If Super Singer had not happened, Naresh would have most likely become a chartered accountant, and dabbled with music at some stage. But, his family decided to gently nudge a competition-weary Naresh towards future stardom. “I've been really lucky that my parents and sister have been there for me,” says the singer who revels in his samathu payyan image.
However, all that changes once he goes up on stage during a live performance. A rockstar emerges — his voice cascades over an eager crowd and engages them, he jives like there's no tomorrow, and lets his noodle-like curls do the talking. “Well, these are changes I've incorporated. People want performers. It is the duty of every performer to establish a connect between himself and the audience, and ensure they have a good time. I've not perfected the art as yet. I'm learning along the way,” he says.
Considering he won a National Award (2006) with very first Hindi number Roobaru (in “Rang De Basanti”, which featured him in four songs) under Rahman's baton, and followed it up with hits such as Munbe Vaa, Valayapatti Thavile, Mundhinam Paarthaney, and Oru Vetkam, how does he manage to stay unaffected by fame? “Fame and popularity attach themselves to you at some stage, but there are the small things we've always done that give us great joy.
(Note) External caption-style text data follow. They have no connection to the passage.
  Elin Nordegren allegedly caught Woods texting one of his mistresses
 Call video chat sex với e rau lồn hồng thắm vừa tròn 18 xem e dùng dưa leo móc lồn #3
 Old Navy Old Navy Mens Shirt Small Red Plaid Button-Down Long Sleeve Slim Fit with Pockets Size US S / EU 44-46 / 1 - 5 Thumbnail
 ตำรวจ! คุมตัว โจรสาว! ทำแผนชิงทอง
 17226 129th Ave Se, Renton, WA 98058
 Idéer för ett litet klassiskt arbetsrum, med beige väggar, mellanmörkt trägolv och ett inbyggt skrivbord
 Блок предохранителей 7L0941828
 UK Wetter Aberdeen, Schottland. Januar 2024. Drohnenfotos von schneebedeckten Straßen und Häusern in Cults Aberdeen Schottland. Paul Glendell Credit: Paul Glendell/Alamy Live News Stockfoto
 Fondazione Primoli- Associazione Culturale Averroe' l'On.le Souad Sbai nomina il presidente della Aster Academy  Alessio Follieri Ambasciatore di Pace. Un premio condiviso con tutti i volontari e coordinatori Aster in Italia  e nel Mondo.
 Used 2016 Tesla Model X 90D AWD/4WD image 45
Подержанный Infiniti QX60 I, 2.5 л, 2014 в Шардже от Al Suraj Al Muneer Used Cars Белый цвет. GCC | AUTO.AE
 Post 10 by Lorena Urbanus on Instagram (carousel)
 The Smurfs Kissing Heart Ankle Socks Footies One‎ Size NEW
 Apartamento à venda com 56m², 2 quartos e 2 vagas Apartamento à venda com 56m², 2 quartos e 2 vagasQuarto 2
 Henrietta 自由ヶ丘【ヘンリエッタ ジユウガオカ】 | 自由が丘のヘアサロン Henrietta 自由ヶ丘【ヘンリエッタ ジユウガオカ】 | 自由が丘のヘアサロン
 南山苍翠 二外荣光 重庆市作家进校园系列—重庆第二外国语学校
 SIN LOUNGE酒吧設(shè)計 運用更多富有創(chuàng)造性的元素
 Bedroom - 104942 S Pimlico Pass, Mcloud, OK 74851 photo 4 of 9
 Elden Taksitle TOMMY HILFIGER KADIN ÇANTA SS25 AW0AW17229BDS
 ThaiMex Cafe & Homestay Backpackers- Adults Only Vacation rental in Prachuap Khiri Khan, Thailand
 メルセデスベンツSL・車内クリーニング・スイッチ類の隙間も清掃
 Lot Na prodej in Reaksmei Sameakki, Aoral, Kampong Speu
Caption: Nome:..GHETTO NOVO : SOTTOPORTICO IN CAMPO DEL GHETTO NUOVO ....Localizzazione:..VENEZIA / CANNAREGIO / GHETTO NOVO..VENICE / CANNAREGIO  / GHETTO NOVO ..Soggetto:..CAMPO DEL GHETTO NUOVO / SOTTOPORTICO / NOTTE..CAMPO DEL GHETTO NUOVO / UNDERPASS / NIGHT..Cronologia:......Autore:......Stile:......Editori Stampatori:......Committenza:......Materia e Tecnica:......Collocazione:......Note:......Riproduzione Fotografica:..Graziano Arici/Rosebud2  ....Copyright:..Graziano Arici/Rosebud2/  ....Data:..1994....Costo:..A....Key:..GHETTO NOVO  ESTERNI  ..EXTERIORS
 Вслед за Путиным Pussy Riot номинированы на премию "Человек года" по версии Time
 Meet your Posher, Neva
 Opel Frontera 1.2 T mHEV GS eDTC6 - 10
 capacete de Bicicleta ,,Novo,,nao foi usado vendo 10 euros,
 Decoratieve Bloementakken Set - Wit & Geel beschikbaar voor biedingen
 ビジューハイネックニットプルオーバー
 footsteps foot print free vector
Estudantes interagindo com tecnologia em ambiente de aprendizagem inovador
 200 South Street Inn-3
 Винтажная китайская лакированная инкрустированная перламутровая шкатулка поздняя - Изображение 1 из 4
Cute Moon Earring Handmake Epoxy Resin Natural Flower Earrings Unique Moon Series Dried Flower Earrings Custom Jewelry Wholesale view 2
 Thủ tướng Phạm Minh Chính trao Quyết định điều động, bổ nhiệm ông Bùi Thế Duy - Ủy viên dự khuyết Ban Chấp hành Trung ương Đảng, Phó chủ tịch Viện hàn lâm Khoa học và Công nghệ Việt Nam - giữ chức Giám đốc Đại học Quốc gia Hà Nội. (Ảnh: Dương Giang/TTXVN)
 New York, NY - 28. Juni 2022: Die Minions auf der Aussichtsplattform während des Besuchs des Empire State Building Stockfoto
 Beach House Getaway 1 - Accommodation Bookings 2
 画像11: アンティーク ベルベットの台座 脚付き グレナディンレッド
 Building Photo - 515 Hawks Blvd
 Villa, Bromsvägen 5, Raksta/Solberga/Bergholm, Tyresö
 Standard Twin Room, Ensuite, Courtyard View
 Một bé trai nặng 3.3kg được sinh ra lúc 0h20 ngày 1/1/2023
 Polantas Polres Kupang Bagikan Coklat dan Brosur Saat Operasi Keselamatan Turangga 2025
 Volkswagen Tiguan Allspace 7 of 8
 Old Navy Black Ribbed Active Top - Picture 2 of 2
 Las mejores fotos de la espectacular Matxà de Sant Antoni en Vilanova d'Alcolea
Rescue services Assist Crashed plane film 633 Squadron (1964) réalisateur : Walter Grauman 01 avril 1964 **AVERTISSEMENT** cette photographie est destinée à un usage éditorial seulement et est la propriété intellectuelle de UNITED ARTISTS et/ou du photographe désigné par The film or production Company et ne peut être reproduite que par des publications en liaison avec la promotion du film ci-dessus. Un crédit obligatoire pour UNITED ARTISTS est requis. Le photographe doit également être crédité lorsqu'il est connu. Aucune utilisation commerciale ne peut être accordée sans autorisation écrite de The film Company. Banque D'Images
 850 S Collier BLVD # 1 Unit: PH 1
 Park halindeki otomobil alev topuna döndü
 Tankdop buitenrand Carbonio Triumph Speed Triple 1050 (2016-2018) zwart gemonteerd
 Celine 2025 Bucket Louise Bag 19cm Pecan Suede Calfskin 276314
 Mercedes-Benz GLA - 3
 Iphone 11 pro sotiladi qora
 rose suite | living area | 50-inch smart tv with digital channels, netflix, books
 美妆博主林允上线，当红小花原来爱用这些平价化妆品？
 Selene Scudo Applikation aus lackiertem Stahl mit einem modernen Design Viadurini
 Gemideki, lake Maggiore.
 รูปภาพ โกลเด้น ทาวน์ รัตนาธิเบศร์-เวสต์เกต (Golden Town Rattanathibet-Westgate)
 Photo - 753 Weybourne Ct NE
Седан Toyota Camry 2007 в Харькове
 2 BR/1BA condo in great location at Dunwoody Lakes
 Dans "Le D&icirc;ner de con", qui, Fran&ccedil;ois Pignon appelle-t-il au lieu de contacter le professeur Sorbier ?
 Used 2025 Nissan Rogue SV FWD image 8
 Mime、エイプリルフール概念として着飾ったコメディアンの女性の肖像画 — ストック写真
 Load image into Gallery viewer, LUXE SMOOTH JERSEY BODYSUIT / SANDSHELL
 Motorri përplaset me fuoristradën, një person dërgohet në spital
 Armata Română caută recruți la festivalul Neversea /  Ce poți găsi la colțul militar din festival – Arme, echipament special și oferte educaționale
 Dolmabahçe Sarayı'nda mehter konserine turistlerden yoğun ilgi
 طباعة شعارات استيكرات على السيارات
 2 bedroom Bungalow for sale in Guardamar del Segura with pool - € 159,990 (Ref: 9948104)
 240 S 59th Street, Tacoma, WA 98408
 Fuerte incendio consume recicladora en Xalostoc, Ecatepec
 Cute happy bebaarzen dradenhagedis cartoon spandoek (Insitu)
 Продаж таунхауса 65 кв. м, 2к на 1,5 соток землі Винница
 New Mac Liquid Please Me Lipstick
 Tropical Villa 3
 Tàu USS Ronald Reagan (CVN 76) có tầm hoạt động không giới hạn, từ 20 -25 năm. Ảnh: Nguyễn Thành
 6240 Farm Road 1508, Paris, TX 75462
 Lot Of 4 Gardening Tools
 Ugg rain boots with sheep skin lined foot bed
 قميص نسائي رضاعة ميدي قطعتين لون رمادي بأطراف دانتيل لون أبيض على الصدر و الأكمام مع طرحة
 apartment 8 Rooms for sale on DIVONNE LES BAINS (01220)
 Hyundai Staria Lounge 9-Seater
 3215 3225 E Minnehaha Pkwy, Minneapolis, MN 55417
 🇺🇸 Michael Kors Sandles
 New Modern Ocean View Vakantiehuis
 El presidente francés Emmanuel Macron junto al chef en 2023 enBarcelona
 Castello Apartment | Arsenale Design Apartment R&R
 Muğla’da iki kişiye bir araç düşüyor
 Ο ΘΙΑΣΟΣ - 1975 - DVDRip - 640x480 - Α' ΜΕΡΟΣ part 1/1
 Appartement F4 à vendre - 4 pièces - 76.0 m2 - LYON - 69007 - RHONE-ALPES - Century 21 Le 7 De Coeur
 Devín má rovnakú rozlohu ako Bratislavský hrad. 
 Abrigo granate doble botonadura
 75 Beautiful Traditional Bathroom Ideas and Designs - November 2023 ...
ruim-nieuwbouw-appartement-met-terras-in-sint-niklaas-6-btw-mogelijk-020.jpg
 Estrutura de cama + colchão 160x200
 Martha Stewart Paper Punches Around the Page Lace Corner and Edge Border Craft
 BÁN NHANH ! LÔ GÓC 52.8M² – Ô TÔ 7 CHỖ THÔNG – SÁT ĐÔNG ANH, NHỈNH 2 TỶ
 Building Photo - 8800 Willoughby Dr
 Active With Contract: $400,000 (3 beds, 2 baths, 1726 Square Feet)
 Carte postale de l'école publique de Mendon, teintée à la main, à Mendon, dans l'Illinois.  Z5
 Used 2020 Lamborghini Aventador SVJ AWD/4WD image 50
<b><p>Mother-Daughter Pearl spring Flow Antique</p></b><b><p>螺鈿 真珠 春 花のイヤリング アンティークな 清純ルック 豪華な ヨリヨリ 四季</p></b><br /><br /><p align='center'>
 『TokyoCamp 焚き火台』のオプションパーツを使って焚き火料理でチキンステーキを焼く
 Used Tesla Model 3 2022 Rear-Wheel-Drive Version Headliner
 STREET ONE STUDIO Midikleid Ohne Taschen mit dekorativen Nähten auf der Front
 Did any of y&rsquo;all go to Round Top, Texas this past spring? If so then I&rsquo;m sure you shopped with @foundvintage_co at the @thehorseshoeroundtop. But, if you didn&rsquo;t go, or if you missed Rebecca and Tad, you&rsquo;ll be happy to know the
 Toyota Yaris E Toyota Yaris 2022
There's little reason to sacrifice those. It is so vital to strike a balance. The values you pick up at home also matter,” says the singer who credits his (late) grandmother Jayalakshmi (Vebus to him) with all his achievements.
“Her love and encouragement started it all. She did not live long enough to see me make it big, but I feel all this probably happened because of her fervent wishes.”
Despite success in tinsel town, Naresh still bonds with his buddies from Mumbai and meets up with members of his band ‘Dhwani'. “We stay in touch, but play on and off; the distance (he shuttles between Mumbai and Chennai) has taken a toll on regular playing,” says the singer who's now basking in the popularity of hits such as Kaiya Pudi (“Mynaa”), Mazhai Varum (“Veppam” — “I've always loved how Joshua Sridhar conceptualises songs”), Thee Illai (“Engeyum Kaadhal”), Netri Pottil (“Ko”), and Tere Bin (“Dil Toh Baccha Hai Ji”).
So, how does someone who helps others relax, chill? “I take off somewhere, hang out with my friends, or just tune into myself,” he smiles.
Meeting a legend
I'll always be grateful that Rahman chose to place faith in a newcomer. He explores your talent and shows you what you are capable of. His patience, tolerance and understanding of a newcomer's anxiety and nervousness are unparalleled.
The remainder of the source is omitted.